Introduction to GPU Computing

This workshop introduces the concept of GPU computing - the ability to write general-purpose, non-graphical applications that can be processed by a modern GPU. Since 2001 GPUs have become programmable processors, initially capable of only handling graphical applications like video games or professional visualization tools. Currently, however, they are much more capable: based on a highly parallel, many-core architecture, GPUs are being used in a large number of high-performance computing domains, such as computational physics, computer vision, computational finance, medical imaging and many others. In this workshop, you will learn more about what makes a GPU so powerful and how you can use it to accelerate your own computational tasks. It also introduces CUDA as a stable and mature API for NVIDIA-based GPUs, coupled with several useful development tools bundled under NSIGHT - a highly capable and easy-to-use toolkit which integrates with popular IDEs like Visual Studio or Eclipse.
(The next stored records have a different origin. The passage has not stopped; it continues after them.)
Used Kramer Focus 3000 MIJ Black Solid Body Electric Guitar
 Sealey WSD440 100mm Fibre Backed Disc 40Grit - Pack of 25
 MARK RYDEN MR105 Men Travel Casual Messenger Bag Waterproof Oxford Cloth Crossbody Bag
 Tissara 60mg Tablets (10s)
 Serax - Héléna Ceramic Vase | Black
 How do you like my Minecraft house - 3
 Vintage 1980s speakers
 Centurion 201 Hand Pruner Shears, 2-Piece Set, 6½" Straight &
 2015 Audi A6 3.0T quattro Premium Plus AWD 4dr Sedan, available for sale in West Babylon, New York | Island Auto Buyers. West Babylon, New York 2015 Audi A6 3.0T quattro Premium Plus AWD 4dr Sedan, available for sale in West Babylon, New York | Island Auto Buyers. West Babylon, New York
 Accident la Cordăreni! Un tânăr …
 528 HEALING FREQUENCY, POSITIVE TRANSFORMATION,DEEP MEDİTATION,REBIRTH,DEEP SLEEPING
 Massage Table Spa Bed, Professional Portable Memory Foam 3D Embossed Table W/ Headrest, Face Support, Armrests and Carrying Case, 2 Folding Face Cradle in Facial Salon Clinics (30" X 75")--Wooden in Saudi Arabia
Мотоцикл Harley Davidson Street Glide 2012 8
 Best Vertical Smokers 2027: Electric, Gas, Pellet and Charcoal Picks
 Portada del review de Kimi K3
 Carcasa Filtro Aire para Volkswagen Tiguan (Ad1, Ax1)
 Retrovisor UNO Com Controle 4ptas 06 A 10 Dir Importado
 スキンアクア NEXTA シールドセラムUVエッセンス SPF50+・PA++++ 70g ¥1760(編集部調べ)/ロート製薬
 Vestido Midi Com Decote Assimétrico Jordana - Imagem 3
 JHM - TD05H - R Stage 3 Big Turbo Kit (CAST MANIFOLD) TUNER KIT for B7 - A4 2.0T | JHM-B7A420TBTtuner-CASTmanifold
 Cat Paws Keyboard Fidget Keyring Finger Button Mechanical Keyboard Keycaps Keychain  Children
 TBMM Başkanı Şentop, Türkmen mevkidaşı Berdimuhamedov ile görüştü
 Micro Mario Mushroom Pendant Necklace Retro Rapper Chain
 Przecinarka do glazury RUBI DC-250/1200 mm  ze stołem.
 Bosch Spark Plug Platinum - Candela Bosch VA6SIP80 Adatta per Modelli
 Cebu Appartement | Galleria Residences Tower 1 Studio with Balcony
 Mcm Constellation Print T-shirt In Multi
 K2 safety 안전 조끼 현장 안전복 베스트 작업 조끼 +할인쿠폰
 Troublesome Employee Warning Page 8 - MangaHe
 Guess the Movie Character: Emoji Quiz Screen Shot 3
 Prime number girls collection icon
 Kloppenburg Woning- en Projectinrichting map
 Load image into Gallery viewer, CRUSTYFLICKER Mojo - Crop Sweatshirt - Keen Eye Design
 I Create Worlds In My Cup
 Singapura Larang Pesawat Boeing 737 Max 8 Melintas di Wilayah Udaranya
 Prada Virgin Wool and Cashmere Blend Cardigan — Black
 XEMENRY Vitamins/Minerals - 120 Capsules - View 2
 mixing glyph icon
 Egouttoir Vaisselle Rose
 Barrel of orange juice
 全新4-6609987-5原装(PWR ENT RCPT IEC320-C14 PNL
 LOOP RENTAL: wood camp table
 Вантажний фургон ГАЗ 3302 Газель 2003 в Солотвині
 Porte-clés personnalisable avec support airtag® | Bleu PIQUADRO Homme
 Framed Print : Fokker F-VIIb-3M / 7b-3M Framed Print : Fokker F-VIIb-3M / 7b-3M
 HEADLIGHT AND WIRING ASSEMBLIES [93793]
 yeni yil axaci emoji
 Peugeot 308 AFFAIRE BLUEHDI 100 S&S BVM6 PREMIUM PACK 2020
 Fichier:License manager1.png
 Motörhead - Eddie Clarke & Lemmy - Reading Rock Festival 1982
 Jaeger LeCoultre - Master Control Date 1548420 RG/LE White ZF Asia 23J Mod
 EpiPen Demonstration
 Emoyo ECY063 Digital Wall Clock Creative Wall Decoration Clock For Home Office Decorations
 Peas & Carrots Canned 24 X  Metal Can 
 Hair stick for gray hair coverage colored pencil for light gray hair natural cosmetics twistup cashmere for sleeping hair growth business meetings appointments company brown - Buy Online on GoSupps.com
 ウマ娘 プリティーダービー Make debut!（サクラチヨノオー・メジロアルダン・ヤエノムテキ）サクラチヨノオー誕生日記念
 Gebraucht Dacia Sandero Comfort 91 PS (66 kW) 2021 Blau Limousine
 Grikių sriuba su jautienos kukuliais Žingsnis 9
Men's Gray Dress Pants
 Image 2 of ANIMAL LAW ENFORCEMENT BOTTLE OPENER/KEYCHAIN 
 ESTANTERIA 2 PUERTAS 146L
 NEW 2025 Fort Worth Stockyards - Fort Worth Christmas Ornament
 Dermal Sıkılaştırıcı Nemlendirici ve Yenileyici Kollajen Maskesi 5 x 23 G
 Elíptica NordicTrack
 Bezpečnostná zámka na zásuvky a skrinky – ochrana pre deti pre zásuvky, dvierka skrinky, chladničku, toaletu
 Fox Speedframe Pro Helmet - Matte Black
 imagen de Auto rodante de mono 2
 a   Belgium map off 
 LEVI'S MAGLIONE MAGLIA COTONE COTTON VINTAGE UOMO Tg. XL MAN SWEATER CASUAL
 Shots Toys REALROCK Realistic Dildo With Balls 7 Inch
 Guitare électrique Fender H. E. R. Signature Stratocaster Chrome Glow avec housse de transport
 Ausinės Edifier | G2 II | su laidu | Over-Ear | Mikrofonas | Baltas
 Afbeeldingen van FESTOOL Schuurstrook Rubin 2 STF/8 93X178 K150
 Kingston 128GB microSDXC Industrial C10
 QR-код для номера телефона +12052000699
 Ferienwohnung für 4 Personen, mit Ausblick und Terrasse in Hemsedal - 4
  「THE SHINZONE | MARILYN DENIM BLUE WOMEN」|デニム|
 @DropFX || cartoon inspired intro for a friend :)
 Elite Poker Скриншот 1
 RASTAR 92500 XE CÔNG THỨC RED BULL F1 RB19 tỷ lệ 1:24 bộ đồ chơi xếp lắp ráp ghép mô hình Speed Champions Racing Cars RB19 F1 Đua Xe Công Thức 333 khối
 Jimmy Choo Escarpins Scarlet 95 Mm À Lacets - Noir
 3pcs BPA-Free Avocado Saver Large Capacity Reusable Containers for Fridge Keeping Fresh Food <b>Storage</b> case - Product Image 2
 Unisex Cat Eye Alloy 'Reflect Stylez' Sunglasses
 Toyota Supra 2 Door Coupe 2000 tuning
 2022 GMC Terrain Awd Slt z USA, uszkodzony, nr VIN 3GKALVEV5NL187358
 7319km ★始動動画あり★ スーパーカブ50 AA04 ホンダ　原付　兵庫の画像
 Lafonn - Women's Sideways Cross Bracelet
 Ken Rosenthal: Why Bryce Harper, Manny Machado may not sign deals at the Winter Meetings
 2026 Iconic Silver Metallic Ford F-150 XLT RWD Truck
The hands-on tasks will familiarize you with the parallel programming model exposed by CUDA and show you how you can optimize your code to squeeze more performance out of the GPU.

When and Where?

July 25th - July 26th 2015.

Date Time Room
July 25th, 2015 09:00-19:00 EG304
July 26th, 2015 13:00-19:00 EG304

Workshop Agenda

DAY 1 (July 25th, 2015)

  • GPGPUs and GPU computing
  • GPU computing APIs
  • GPU hardware architecture
  • The accelerator programming model
  • CUDA C
  • The NVCC compiler
  • Threading model
  • GPU-specific memory types
  • Compute capabilities
  • GPU computing demos
  • The CUDA SDK
  • Hands-on: Implemeting “Hello World!” using CUDA

DAY 2 (July 26th, 2015)

  • Hands-on: Vector addition using CUDA
  • Using NSIGHT for CUDA debugging and profiling
  • Hands-on: 1D convolution (naive implementation)
  • Hands-on: 1D convolution (optimized implementation)
  • Discussing the performance difference between the 2 1D convolution implementations
  • Conclusions

Technical Prerequisites

  • basic to intermediate C / C++ programming knowledge
  • basic knowledge of parallel programming concepts (threads, barriers etc.)
  • basic notions of a computing system's architecture (CPU, RAM, GPU etc.)

This workshop is addressed to people who are curious to learn how a modern GPU can be programmed to run numerically-intensive non-graphical applications. Knowledge of a typical computing system's architecture is necessary to better understand how the GPU fits in as a high-performance computing accelerator. C / C ++ programming knowledge and parallel programming concepts will be needed during the hands-on sessions.


Enrollment will be based on a first-come, first-serve principle. Registration is available until July 20th, 2015.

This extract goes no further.